How to disable images and CSS in Puppeteer to speed up web scraping

Share:

disable-images-and-css-using-puppeteer

Loading a web page with images could slow down web scraping due to reduced page speed. If you are looking to speed up browsing and necessary data scraping, disabling CSS and images could help with that while also reducing bandwidth consumption. This tutorial will show you how to do that.

What slows your page down?

Size has a direct impact on page speed. Browsers take time to load embedded code as well as images, especially the big ones. The average page size is more than 2MB which is three times more than it was, just three years ago.

To find the differences, we opened eBay.com with images and CSS both enabled and disabled and tracked the total page loading time. Before each test, the browser and cache were cleared to make sure the results were accurate. When we loaded the page with images and CSS enabled, it took 15 seconds to load completely.

loading-web-page-ebay

With images and CSS disabled, the page fully loaded in 6.5 seconds. The difference is quite huge.

disabling-image-and-css

Note: There are some websites which have content that is dependent on CSS. In such a case, the content itself will not load if the CSS is disabled. Make sure you check that the content of the site loads without CSS before scraping.

Required Tools

If you already know how to install Puppeteer, skip to the next section.

You need to first install node.js and write the code to disable images and CSS in JavaScript. Puppeteer requires at least Node v7.6.0 or greater but for this tutorial, we will go with Node v9.0.0.

Installing Node.js

Linux

Head over to and choose the distribution you want. Here are the steps to install node.js in Ubuntu 16.04:

  1. Open a terminal run – sudo apt install curl in case it’s not installed.
  2. Then run – curl -sL https://deb.nodesource.com/setup_9.x | sudo -E bash -
  3. Once that’s done, install node.js by running, sudo apt install nodejs. This will automatically install npm.

Windows and Mac

To install node.js in Windows or Mac, download the package for your OS from Nodes JS’s website https://nodejs.org/en/download/

Now that we have node.js installed, let’s create a directory called disable_test and open the command prompt or terminal. Go into the directory and run the command:

npm init

Hit enter for each question asked. This will create a file called package.json inside the directory.

Setup Headless Chrome and Puppeteer

Next, we’ll have to run the command to install puppeteer in the project root directory:

npm install puppeteer --save

This might take a while as Puppeteer needs to download and install Chromium in the background. Now that we have set and configured everything let’s get started.

Getting Started

We’ll dive into the code and make the basic crawler that will launch a new headless browser instance, open a new page (tab) and navigate to the URL provided in the command-line argument

const puppeteer = require('puppeteer');

let browser, page;

async function run() {
    browser = await puppeteer.launch({ headless: false });
    page = await browser.newPage();
    await page.setViewport({ width: 1920, height: 1080 });
    await page.goto('https://ebay.com');
}

run();

Let’s go through the code line by line:

First, we are importing node.js library which is what is used to control Chromium Browser/Google Chrome into our script.

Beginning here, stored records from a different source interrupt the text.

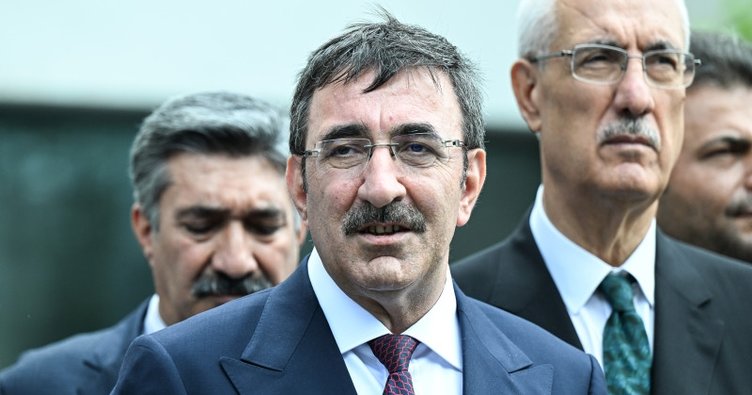 Cumhurbaşkanı Yardımcısı Yılmaz’dan asgari ücret açıklaması
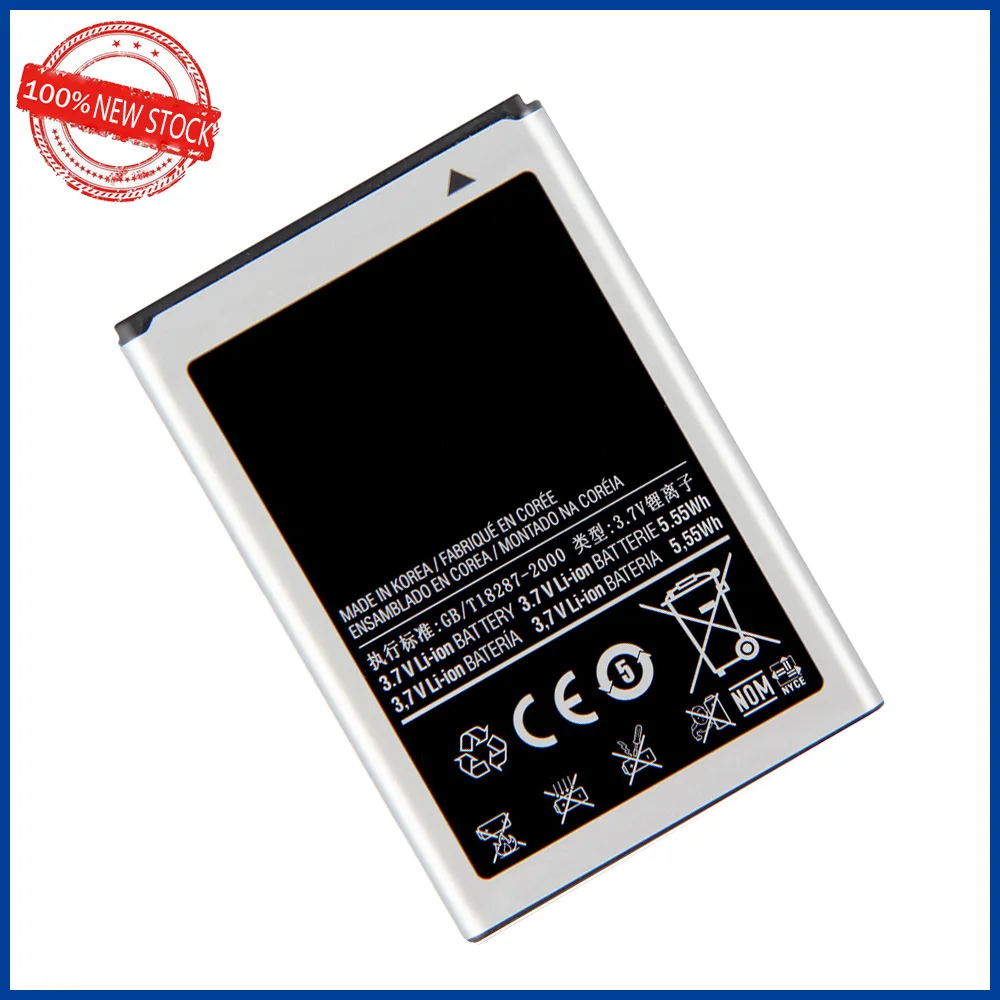 EB504465VA EB504465VU Battery For SAMSUNG SCH-W799 W609 i8910U i6410 i5700 i5800 i5801 i8320 i8700 GT-S8500 S8530 B6520 B7300C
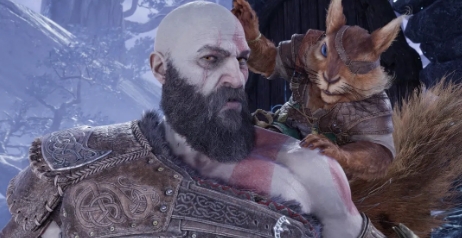 《战神：诸神黄昏》06.06版本补丁发布 新增节能模式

const puppeteer = require('puppeteer');

Then we are creating two variables. One for the browser and one for the page, to hold the browser and page objects. We’ll create a browser object by calling the puppeteer launch function. This is where we actually launch Puppeteer.

let browser = await puppeteer.launch({ headless: false });

Turning off Headless Mode

We have given {headless: false}. This will open up a browser window and is very helpful to debug issues.

To turn headless mode on, just modify the line to

let browser = await puppeteer.launch({ headless: true });

We are also creating a new page, which is synonymous with a tab in Google Chrome. Wait for the new page to open and save it to the page variable.

let page = await browser.newPage();

Since responsive websites behave differently in different screen sizes, setting up the correct resolution is very important. If you want your website to open at a different resolution, you can do that here; just assign pixel values for width and height.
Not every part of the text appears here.